The early March NBC/Wall Street Journal poll found that 24 percent want U.S. troops out as soon as possible and 26 percent within 18 months. But 48 percent said they "should stay as long as necessary to complete the process even if it takes five years." None of the polls provides evidence of a desire to cut and run. All recent polls show that majorities of Americans believe the United States did the right thing in going to war. Fifty-seven percent gave that response in the March 18-19 PSRA/Newsweek poll.


OXBLOG JEWISH-THEMED CARTOON OF THE DAY INVOLVING A ROBOT: In the words of its author, Ben Baruch: "ShaBot 6000 is the continuing cartoon saga of a pious Jew who purchases a robot to work as Shabbos Goy for his household. The inquisitive robot, ShaBot, decides that he is Jewish, and is therefore unable to fulfill his duties as a servant." I ran across it just now while googling for the estimable Forward, and decided I would fulfill my Bot Mitzvah by sharing it with our friends and readers. In particular, I'd encourage you to procrastinate with me by seeing what Baruch and the ShaBot get up to here, here, and here.

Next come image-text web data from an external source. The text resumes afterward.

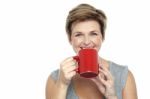 Young Woman Enjoying Her Coffee Stock Photo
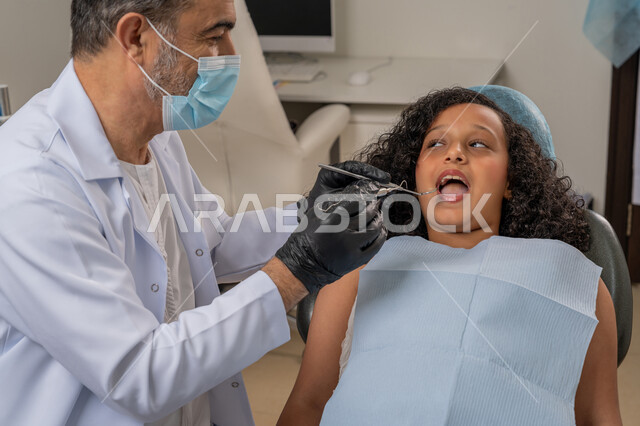 استخدام معدات وأدوات طب الأسنان، زيارة العيادات الصحية وإتخاذ الإجراءات اللازمة، الأساليب العلاجية المتبعة للعناية بالفم، معالجة التسوس وتركيب الحشوات، صورة مقربة لطبيب عربي خليجي اماراتي يرتدي القفازات والكمامة يقوم بفحص أسنان الفتاة المريضة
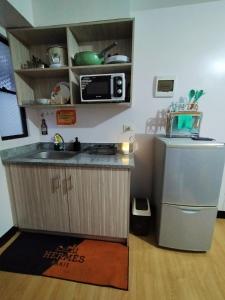 una pequeña cocina con fregadero y microondas en Imus Cavite Stayction - 1 Bedroom Condo Unit - Urban Deca Homes - Olive Bldg en Imus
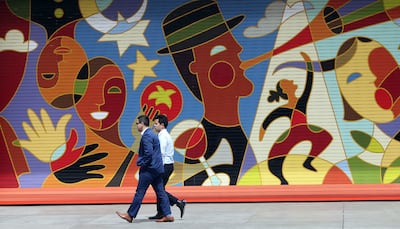 Pedestrians walk through McCarthy Plaza by Regent Street in Salt Lake City on Thursday, April 19, 2018.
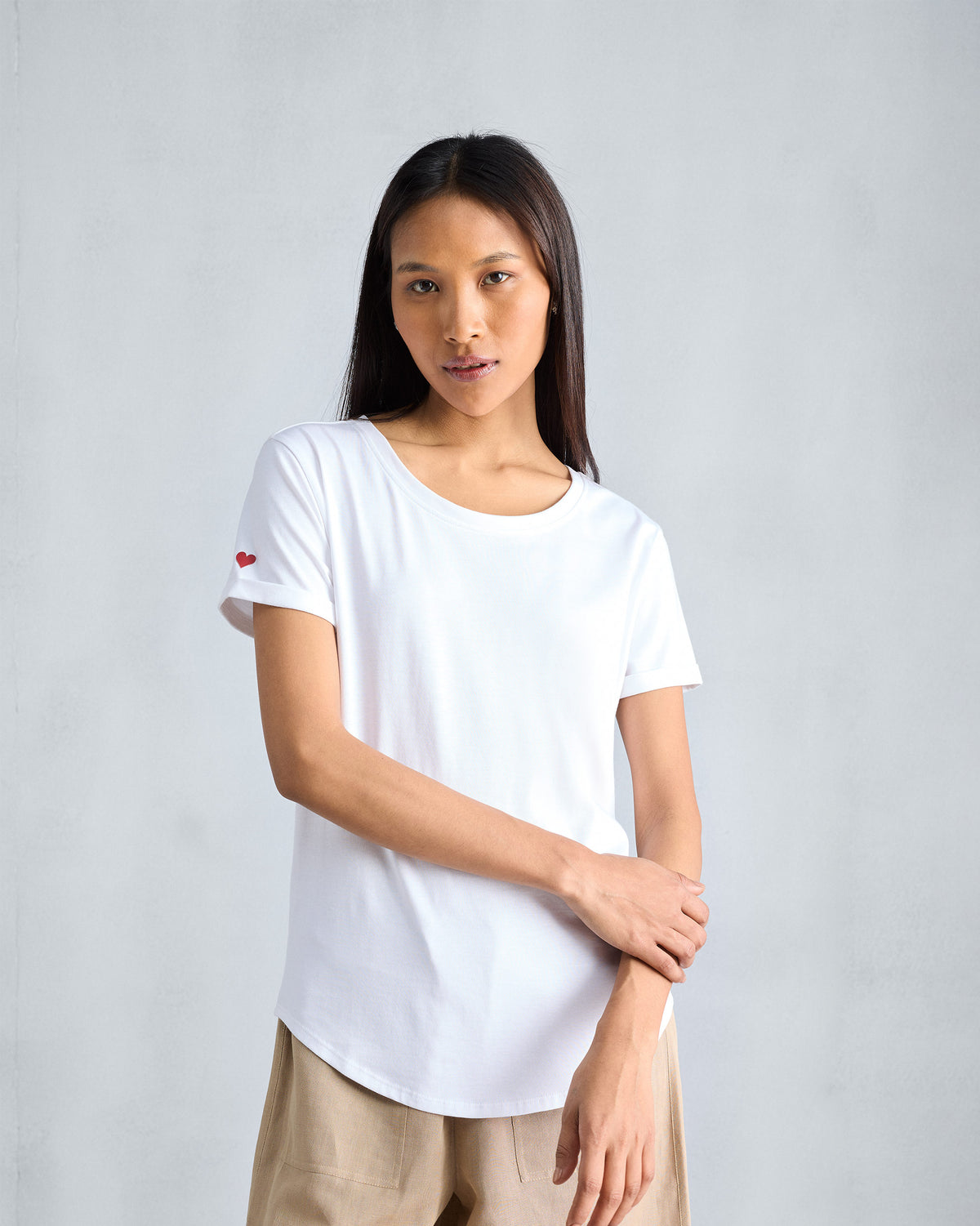 Person wearing a white crew-neck Basic T-Shirt with a red sleeve heart.
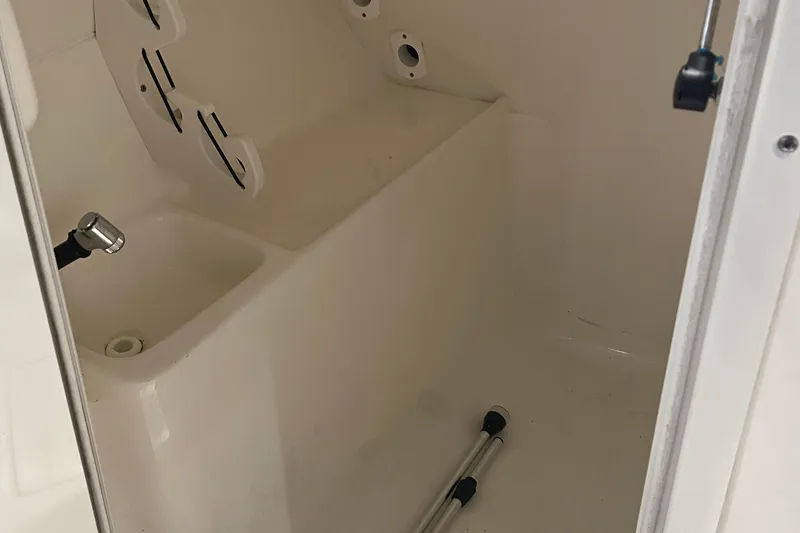 Slide: The Image of Interior of a 2021 Key West 239 DFS boat, featuring storage space and fixtures. - 20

FROM NEIL MacFARQUHAR IN TODAY'S NYT:

Kurdish Syrians, 2 million of Syria's 17 million people, say that watching rights for Kurds being enshrined in a new if temporary constitution next door in Iraq finally pushed them to take to the streets to demand greater recognition.
And Christopher Hitchens has more over at Slate.


ALL OF OUR READERS IN OXFORD, or within driving distance, should make some time to get out to the Oxford Literary Festival which the Sunday Times and Blackwell's are cosponsoring, and which is being organized by a good friend of mine. Seamus Heaney is speaking on Friday at 5:30 at the Sheldonian; also on Friday, Orlando Figes is socialising with students and talking about Tolstoy at the Union. On Saturday, Fiona Shaw reads Andromache's speeches from the Iliad and Euripides, at the Holywell Music Room at 5. On Sunday, Karen Armstrong talks about religion at noon, at Town Hall, and a film of Chekhov's The Cherry Orchard will be screened at the Phoenix at 4:30, with its producer present to discuss Chekhov and the play after. These are only a few of the events going on; it really is a marvellous festival, and Brenda Garvey, of whom I'm quite fond, is to be congratulated enormously for having brought it to Oxford.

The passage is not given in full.